→ WHAT THE EXERCISE ASKS: Retype the data in its entirety, with no word changed.

→ SUPPLIED ENTRIES:
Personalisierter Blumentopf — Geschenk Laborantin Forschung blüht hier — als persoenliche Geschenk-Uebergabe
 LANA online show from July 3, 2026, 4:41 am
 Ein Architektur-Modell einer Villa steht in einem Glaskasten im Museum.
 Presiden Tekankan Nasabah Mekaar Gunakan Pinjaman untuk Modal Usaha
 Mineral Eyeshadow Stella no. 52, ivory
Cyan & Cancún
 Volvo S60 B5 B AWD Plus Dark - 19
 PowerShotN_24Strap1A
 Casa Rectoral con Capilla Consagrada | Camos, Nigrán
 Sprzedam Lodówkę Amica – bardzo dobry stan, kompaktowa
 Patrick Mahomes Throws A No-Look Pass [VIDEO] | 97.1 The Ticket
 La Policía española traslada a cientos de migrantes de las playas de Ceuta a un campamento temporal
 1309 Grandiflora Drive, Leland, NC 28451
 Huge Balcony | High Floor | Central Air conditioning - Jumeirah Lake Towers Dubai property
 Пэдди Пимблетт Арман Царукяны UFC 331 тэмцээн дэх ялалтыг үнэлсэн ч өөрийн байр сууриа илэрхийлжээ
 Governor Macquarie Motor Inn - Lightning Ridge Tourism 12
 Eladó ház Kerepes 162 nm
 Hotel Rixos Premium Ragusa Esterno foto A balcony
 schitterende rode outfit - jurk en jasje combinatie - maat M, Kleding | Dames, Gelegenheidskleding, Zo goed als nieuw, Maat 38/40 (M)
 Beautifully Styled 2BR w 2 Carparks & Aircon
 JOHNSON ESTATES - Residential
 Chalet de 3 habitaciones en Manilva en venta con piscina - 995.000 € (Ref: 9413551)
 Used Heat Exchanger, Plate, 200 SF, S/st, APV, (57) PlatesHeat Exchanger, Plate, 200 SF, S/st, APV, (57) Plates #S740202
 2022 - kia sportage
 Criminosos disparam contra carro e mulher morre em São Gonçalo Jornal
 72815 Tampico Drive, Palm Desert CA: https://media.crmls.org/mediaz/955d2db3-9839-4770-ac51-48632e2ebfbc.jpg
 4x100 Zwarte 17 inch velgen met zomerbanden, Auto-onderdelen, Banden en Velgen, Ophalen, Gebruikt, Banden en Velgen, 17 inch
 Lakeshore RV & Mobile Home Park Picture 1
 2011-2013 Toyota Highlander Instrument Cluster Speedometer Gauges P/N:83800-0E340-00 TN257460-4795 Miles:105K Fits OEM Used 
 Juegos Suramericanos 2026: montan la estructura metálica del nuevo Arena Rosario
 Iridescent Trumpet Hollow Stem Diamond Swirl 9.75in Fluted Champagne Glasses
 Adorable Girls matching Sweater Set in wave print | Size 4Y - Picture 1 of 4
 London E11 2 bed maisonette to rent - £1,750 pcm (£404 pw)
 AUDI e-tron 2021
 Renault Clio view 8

→ ANSWER TO THIS EXERCISE:
Personalisierter Blumentopf — Geschenk Laborantin Forschung blüht hier — als persoenliche Geschenk-Uebergabe
 LANA online show from July 3, 2026, 4:41 am
 Ein Architektur-Modell einer Villa steht in einem Glaskasten im Museum.
 Presiden Tekankan Nasabah Mekaar Gunakan Pinjaman untuk Modal Usaha
 Mineral Eyeshadow Stella no. 52, ivory
Cyan & Cancún
 Volvo S60 B5 B AWD Plus Dark - 19
 PowerShotN_24Strap1A
 Casa Rectoral con Capilla Consagrada | Camos, Nigrán
 Sprzedam Lodówkę Amica – bardzo dobry stan, kompaktowa
 Patrick Mahomes Throws A No-Look Pass [VIDEO] | 97.1 The Ticket
 La Policía española traslada a cientos de migrantes de las playas de Ceuta a un campamento temporal
 1309 Grandiflora Drive, Leland, NC 28451
 Huge Balcony | High Floor | Central Air conditioning - Jumeirah Lake Towers Dubai property
 Пэдди Пимблетт Арман Царукяны UFC 331 тэмцээн дэх ялалтыг үнэлсэн ч өөрийн байр сууриа илэрхийлжээ
 Governor Macquarie Motor Inn - Lightning Ridge Tourism 12
 Eladó ház Kerepes 162 nm
 Hotel Rixos Premium Ragusa Esterno foto A balcony
 schitterende rode outfit - jurk en jasje combinatie - maat M, Kleding | Dames, Gelegenheidskleding, Zo goed als nieuw, Maat 38/40 (M)
 Beautifully Styled 2BR w 2 Carparks & Aircon
 JOHNSON ESTATES - Residential
 Chalet de 3 habitaciones en Manilva en venta con piscina - 995.000 € (Ref: 9413551)
 Used Heat Exchanger, Plate, 200 SF, S/st, APV, (57) PlatesHeat Exchanger, Plate, 200 SF, S/st, APV, (57) Plates #S740202
 2022 - kia sportage
 Criminosos disparam contra carro e mulher morre em São Gonçalo Jornal
 72815 Tampico Drive, Palm Desert CA: https://media.crmls.org/mediaz/955d2db3-9839-4770-ac51-48632e2ebfbc.jpg
 4x100 Zwarte 17 inch velgen met zomerbanden, Auto-onderdelen, Banden en Velgen, Ophalen, Gebruikt, Banden en Velgen, 17 inch
 Lakeshore RV & Mobile Home Park Picture 1
 2011-2013 Toyota Highlander Instrument Cluster Speedometer Gauges P/N:83800-0E340-00 TN257460-4795 Miles:105K Fits OEM Used 
 Juegos Suramericanos 2026: montan la estructura metálica del nuevo Arena Rosario
 Iridescent Trumpet Hollow Stem Diamond Swirl 9.75in Fluted Champagne Glasses
 Adorable Girls matching Sweater Set in wave print | Size 4Y - Picture 1 of 4
 London E11 2 bed maisonette to rent - £1,750 pcm (£404 pw)
 AUDI e-tron 2021
 Renault Clio view 8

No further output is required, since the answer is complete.